As any community manager knows, crowdsourcing is a double-edged sword: On one side, a well-run crowdsourcing campaign can produce extremely valuable data while saving precious money and time. On the other, sources aren’t always accurate or verifiable, which is of particular concern to law enforcement. There is simply no denying that, under some circumstances, incorrect data can cause a world of problems.
The city of Boston embarked on a crowdsourcing mission on April 18, just three days after the tragic bombings at the famed Boston Marathon. Law enforcement officials were looking to harness the collective power of the city’s residents, as well as the Internet at large, to identify individuals suspected of being responsible for the violence.
While the effort was ultimately successful, several innocent people were falsely identified as suspects. Labeling suspects on the Internet and passing around their personal information can be dangerous, but it’s a by-product of leveraging the general public’s help.
A New Twist on an Old Trick
“Law enforcement has always relied on the public’s assistance; however, the proliferation of mobile technology and social media has caused a sea change when it comes to the breadth and speed at which information is disseminated,” says Nancy Kolb, a senior program manager for the International Association of Chiefs of Police (IACP).

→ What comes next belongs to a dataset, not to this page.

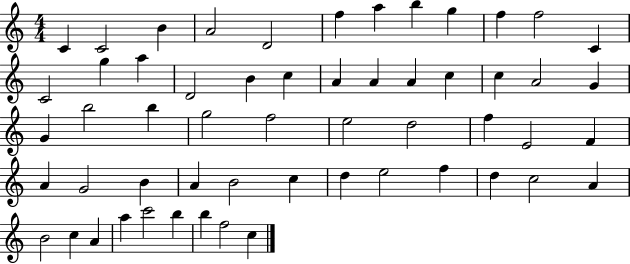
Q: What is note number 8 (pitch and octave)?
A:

False information can lead not only to wasted time for law enforcement but also to damaged reputations, or even personal endangerment, for the wrongly accused.
According to Kolb, when public officials approach crowdsourcing strategically, the benefits outweigh the challenges: “More and more, agencies are using their social media presence to solicit tips and assistance from the public. Although this brings about many challenges for law enforcement (such as inaccurate information/rumors and the sheer amount of digital evidence that must be processed — whether solicited or not) there are real benefits."
One area where public input is incredibly valuable is when a child's well-being is in danger.
"Sharing Amber Alerts and other important information can travel to a large audience very quickly," says Kolb. "We’ve seen many examples where information from the public (solicited through social media) has helped investigators — from unsolved homicides to bank robberies to kidnappings.”
The scale of the incident in Boston led to the quick capture of the suspects but also brought to light new challenges. The lessons learned should help agencies operate more efficiently in the future.
Going forward, Kolb suggests that agencies use social media to build relationships with citizens. Proactive engagement and strategic planning will arm cities with the tools to act quickly and responsibly.